Boise tower to tower higher

Maybe they're making up for the hole. Gary Rogers, the new developer of what was once known as the Boise Tower on 8th Street between Idaho and Main, now wants the new building to be even taller.

Originally, Rogers told city officials and the media he hoped to make the new tower about 25 stories high. Well, things change.
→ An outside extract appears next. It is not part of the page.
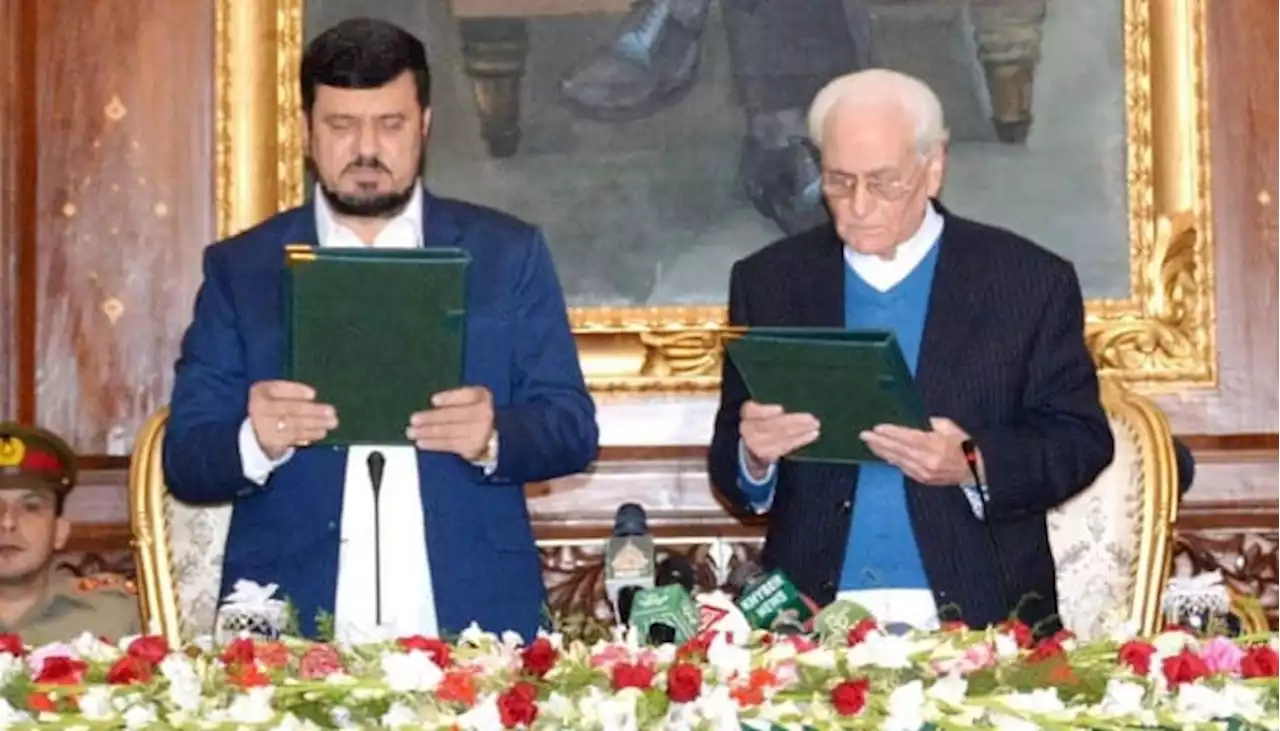 نگران وزیراعلیٰ خیبرپختونخوا اعظم خان نے حلف اٹھا لیا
Now, the founder of Charterhouse Boise Downtown Properties LLC thinks the building might go to 30 stories.

"We've had to go back and redesign the building entirely," Rogers told a recent meeting of the Capital City Development Corporation. "There is the possibility that we may exceed 25 stories, possibly up to as many as 30."

Prospects of a new skyscraper sent eyebrows skyward as well.
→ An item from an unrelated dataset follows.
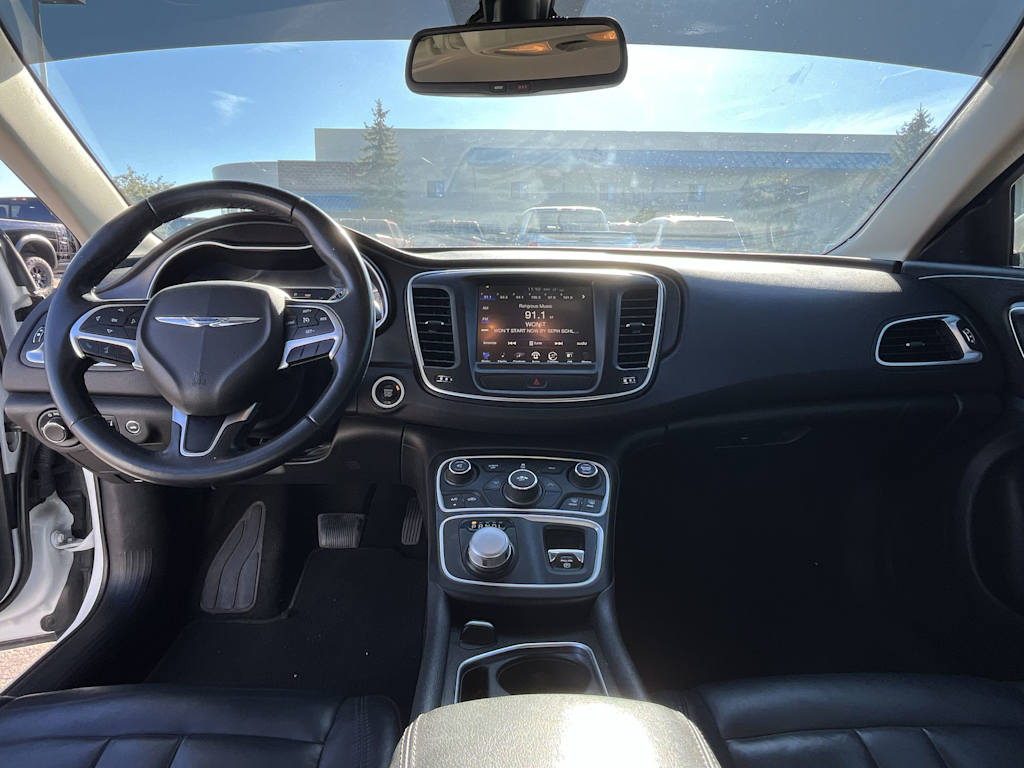 Thumbnail: 2017 Chrysler 200 - 10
"That's, to me, kind of an alarming increase," said City Councilor Alan Shealy, who sits on the board of CCDC. He worried that a new 30-story skyscraper might inspire an architectural build-off.

"The game of one-upmanship tends to take hold," Shealy said. "I would hate to see a bunch of skyscrapers dominate the Boise skyline."

Although the CCDC's urban renewal guidelines restrict buildings to a 20-story height, city ordinances, oddly, do not restrict developers to a height limit.

"In my opinion, if you're going to have very tall buildings in downtown Boise, that's where you'd have it," said Bruce Chatterton, Boise's director of Planning and Development Services. He added that he had yet to see the latest plans for the tower.

Rogers told Shealy that he doubted his building's height would inspire copycat designs on Boise's skyline.

"We'll bring you a design that you'll like," he said.

Meanwhile, Rogers is asking for volunteers to help him remove the massive banner sign that's hanging off a neighboring building, announcing the former design known as the Boise Towers. Getting a crane to remove the sign, Rogers said, was proving to be too expensive. One alternative, he said, was to get a crew to rappel down the side of the building and remove the banner by hand.

"I'm so anxious to get that sign down, I'd be ready to go over the edge," said CCDC commissioner John May.